> What you should do
Exactly the lines from the one holding "Brown's Root Beer" through the end of the material below must be printed, nothing more, and the pictures must be dropped.

> Recorded data
.....

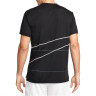 Футболка чоловіча Nike Dri-Fit Q5 MenS Short-Sleeve Fitness Top Black DQ6626-010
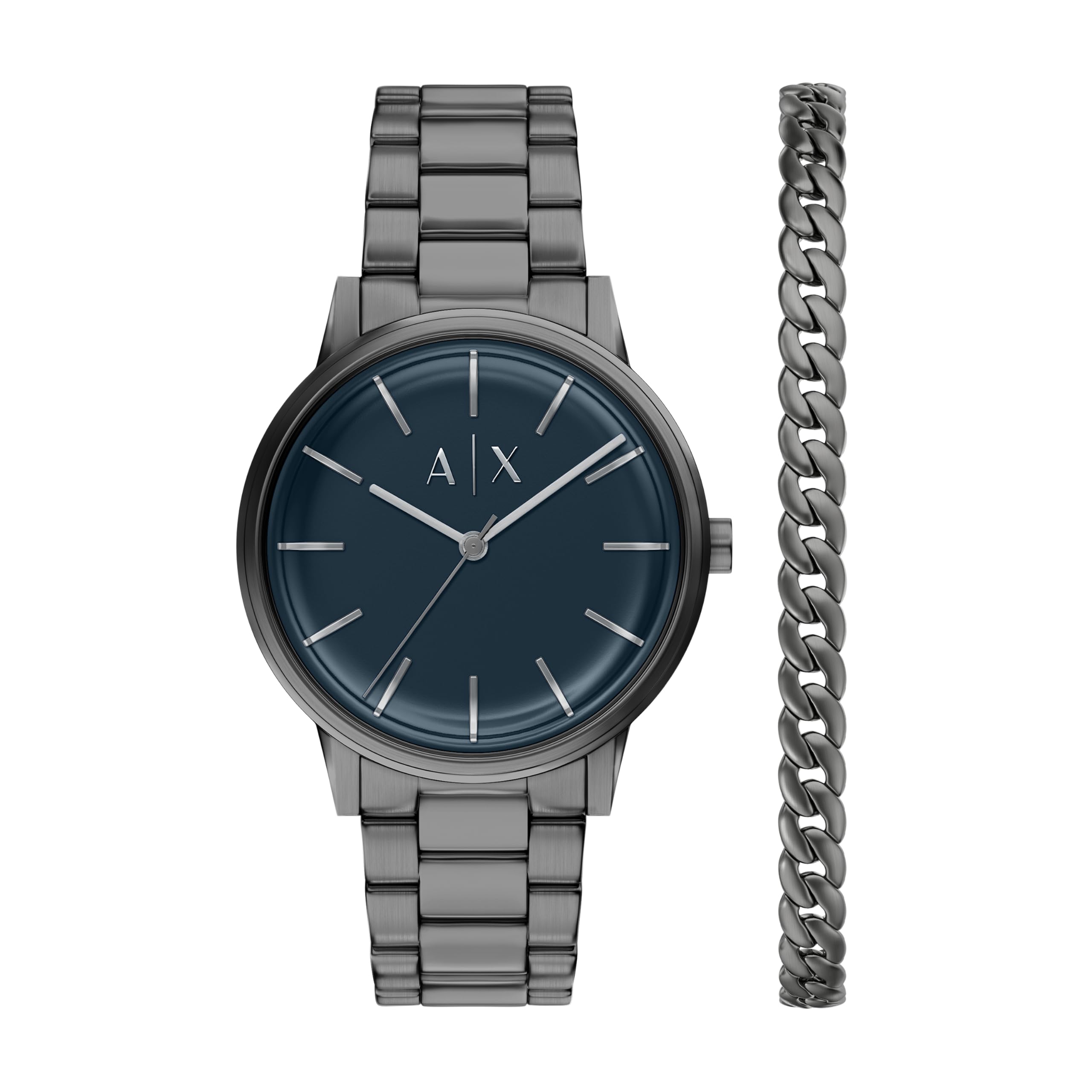 A|X Armani Exchange Men's Watch, Three-Hand Watches for Men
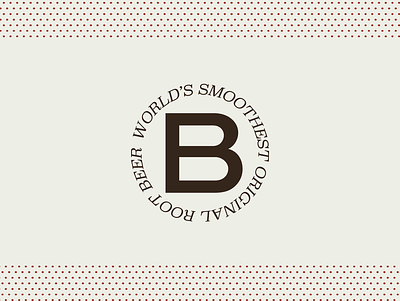 Brown's Root Beer brandidentity branding freelancedesigner graphic design illustrator logo logotype packagingdesign typography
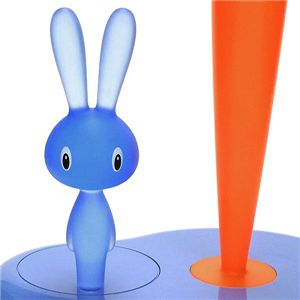 Alessi (�A���b�V) SG42 AZ Bunny&Carrot�y�p�z���_BL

.....

> Result
 Brown's Root Beer brandidentity branding freelancedesigner graphic design illustrator logo logotype packagingdesign typography
 Alessi (�A���b�V) SG42 AZ Bunny&Carrot�y�p�z���_BL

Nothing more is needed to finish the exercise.